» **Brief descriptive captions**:
++++
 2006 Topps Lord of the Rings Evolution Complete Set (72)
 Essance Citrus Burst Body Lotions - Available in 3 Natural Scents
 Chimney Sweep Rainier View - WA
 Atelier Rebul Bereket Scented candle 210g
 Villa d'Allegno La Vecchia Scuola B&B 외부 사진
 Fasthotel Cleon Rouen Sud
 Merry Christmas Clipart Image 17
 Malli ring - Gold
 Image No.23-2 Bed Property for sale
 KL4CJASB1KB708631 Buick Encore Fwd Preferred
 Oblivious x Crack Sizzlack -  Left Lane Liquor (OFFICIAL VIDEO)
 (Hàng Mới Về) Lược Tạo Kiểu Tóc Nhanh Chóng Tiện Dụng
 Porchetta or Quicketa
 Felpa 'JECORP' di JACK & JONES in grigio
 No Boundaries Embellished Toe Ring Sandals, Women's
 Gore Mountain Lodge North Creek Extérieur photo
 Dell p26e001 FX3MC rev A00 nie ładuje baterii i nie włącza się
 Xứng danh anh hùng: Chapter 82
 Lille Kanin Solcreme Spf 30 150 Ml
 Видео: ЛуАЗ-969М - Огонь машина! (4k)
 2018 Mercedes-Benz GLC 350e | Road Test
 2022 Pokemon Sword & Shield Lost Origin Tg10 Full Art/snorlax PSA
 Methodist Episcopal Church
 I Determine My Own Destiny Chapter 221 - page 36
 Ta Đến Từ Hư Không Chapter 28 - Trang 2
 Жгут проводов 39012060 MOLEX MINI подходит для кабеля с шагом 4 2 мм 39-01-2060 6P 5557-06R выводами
++++
» **PROBLEM DESCRIPTION**: What are the lines, exactly as written above, from the line with "Malli ring - Gold" to the line with "Dell p26e001 FX3MC", both included? Output only those.

» **REPLY TO THE TASK**:
 Malli ring - Gold
 Image No.23-2 Bed Property for sale
 KL4CJASB1KB708631 Buick Encore Fwd Preferred
 Oblivious x Crack Sizzlack -  Left Lane Liquor (OFFICIAL VIDEO)
 (Hàng Mới Về) Lược Tạo Kiểu Tóc Nhanh Chóng Tiện Dụng
 Porchetta or Quicketa
 Felpa 'JECORP' di JACK & JONES in grigio
 No Boundaries Embellished Toe Ring Sandals, Women's
 Gore Mountain Lodge North Creek Extérieur photo
 Dell p26e001 FX3MC rev A00 nie ładuje baterii i nie włącza się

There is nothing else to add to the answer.